Assessing Uncertainty and Biases in Total Liquid Water Path Retrieved from W-, Ka-, and G-Band Radar/Radiometer Observations from Space

Radar–radiometers that share the same antenna are of great interest due to their matched resolution and complementarity. Here, a spaceborne radar–radiometer simulator and high-resolution cloud model simulations are used to evaluate the impact of various sources of uncertainty and nonuniform beamfilling (NUBF) effects on the total liquid water path (TLWP) inferred from 238-, 94-, and 35.5-GHz brightness temperature (Tb) or path-integrated attenuation (PIA). Two maritime low cloud regimes are considered: drizzling stratocumulus (Sc) and trade wind shallow cumulus (Cu).
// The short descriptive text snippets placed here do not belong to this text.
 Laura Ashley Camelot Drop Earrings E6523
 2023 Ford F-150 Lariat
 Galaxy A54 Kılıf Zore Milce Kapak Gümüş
Instrument precision, the sensitivity of observations to TLWP, and the natural variability of the relationship between the TLWP and the observable within forward simulations collectively determine the retrieval uncertainty of TLWP. Overall, TLWP retrievals are better constrained in Sc regimes due to their homogeneous appearance. The addition of 238-GHz PIA can be particularly advantageous for the Cu regime. A 50% or smaller retrieval uncertainty can be achieved starting at TLWP of 70 g m−2, compared to more than 500 g m−2 by the 94-GHz PIA. In addition, instrument precision of Tb worse than 1 K can potentially escalate the uncertainties of TLWP. NUBF effects result in negative biases in observations and subsequent retrievals, the magnitude of which is commensurate with hydrometeor liquid amount and footprint size. Despite the biases in 238-GHz PIA caused by NUBF being the largest among the three frequencies considered, the associated error propagated into TLWP can be significantly lower than the other frequencies due to its high sensitivity.